Most ‘windows’ discussions have focused on closing the gap between when movie DVDs go to retailers rather than as pay-per-view cable offerings.
“Everybody’s looking at new windows,” said Burke. “We’ve talked to the studios about this and they’re all interested.” Burke said there were no imminent developments.
Comcast has been one of the biggest supporters of on-demand video for its 24.2 million subscribers. More than 95 percent of such programming it carries is free to it subscribers.
Time Warner Cable Inc., the No. 2 operator, also said it is planning a new service called ‘Catch-Up’ which would allow subscribers to view recent first-run television shows.
Time Warner Cable Chief Executive Glenn Britt told The Cable Show audience that such a service would be similar to other initiatives his company has been testing, including ‘Start Over,’ which allows viewers to start over a program if they come in mid-way through the broadcast. He said they are popular with programmers since Time Warner disables the fast-forward button during advertisements.

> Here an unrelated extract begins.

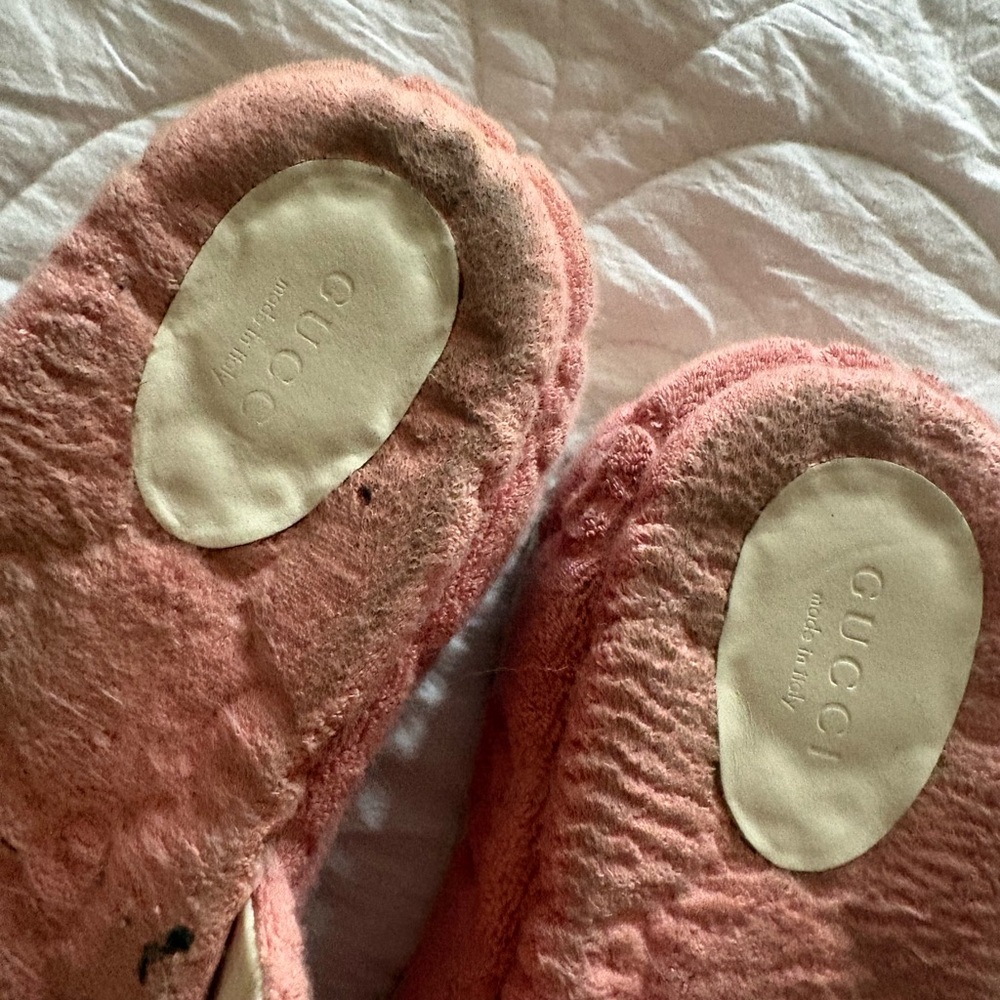 Gucci Blush Pink Embossed Slippers - Picture 2 of 4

“I think we’ve barely begun to scratch the surface on what we can do,” said Britt.
A Time Warner Cable spokesman said the company is still in discussions with program owners for rights to launch ‘Catch Up.’
Comcast’s Burke also gave his company’s strongest public support to Cablevision Systems Corp.’s planned network-based digital video recorder, or DVR, service.
Cablevision’s plans were stalled by a court ruling which agreed with a claim by several studios and TV networks that Cablevision’s plans to allow viewers to store programs remotely on its network would violate copyright agreements. The company said last month it is appealing the ruling.
“We will do the network DVR if the courts rule it permissible,” said Burke.